Abstract
Objectives:
To help promote early detection of cognitive impairment in primary care, MyCog Mobile was designed as a cognitive screener that can be self-administered remotely on a personal smartphone. We explore the potential utility of MyCog Mobile in primary care by comparing MyCog Mobile to a commonly used screener, Mini-Cog.
Methods:
A sample of 200 older adults 65+ years (mean age = 72.56 years), completed the Mini-Cog and MyCog Mobile, which includes 2 memory measures and 2 executive functioning measures. A logistic regression model was conducted to predict failing Mini-Cog scores (≤2) based on MyCog Mobile measures.
Results:
A total of 20 participants earned a Mini-Cog score ≤2. MyCog Mobile demonstrated an AUC of 0.83 (95% bootstrap CI [0.75, 0.95]), sensitivity of 0.76 (95% bootstrap CI [0.63, 0.97]), and specificity of .88 (95% bootstrap CI [0.63, 0.10]).

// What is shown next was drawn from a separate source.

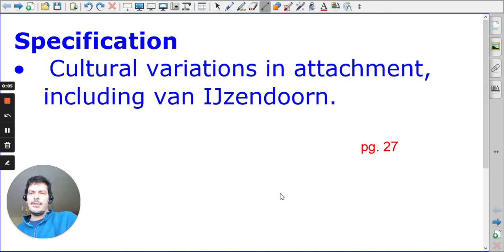Hello, this is Mr. Ferreira, and I'm going to continue the series on A-level psychology on attachment, and specifically cultural variations in attachment.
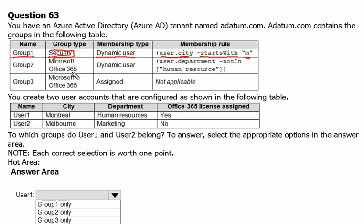Group 2's group type is Microsoft Office 365, which is a different group type. It provides collaboration opportunities by giving group members access to a shared mailbox, calendar, files, and SharePoint sites. It is also dynamic user membership. The rule here is user.department — whoever is not in the Human Resources department can be a member of this group.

The subtest Name Matching from MyFaces and MySorting were the only significant predictors of failed Mini-Cogs.
Conclusions:
MyCog Mobile demonstrated sensitivity and specificity to identify participants who failed the Mini-Cog, and may show promise as a screening tool for cognitive impairment in older adults. Further research is necessary to establish the clinical utility of MyCog Mobile in a larger sample using documented clinical diagnoses.
Keywords: cognitive screening, primary care, app-based assessment, cognitive impairment, older adults
Introduction
Primary care clinics are an ideal setting to identify cognitive impairment in the early stages, particularly since Medicare has covered cognitive screening as part of an Annual Wellness Visit since 2011. 1 However, primary care clinics face significant time and resource constraints, and thus cognitive screening measures must be fast, accurate, and easy to administer. 2 The Mini-Cog is one of the most commonly used screeners in primary care settings, as it is relatively easy to administer, and it takes about 3 min to complete. 3
The Mini-Cog has demonstrated utility in community primary care settings. The brief screener is is relatively robust to education, gender, and ethnicity influences, 4 and demonstrates an estimated 73% sensitivity and 84% specificity in detecting either MCI, dementia, or CI. 5 The Mini-Cog consists of 2 parts: a 3-word list recall (scored 1 point per word), and a clock drawing test (scored 0 or 2). Standard practice guidelines suggest participants who score 2 points or less on the Mini-Cog should be flagged for impairment, and further evaluation is recommended. 5
Despite the widespread use of the Mini-Cog, there are some disadvantages to using this tool in primary care. The Mini-Cog requires a trained examiner to administer following standardized instructions, which takes up valuable staff resources and time during ultra brief in-person visits. Moreover, although relatively simple to administer, human errors are common; 1 study found 61% of nurses made an error in the administration or scoring of the Mini-Cog. 6 The Mini-Cog is also recorded and scored by hand, and results must be entered into an Electronic Health Record (EHR), creating further steps in the workflow and opportunities for error.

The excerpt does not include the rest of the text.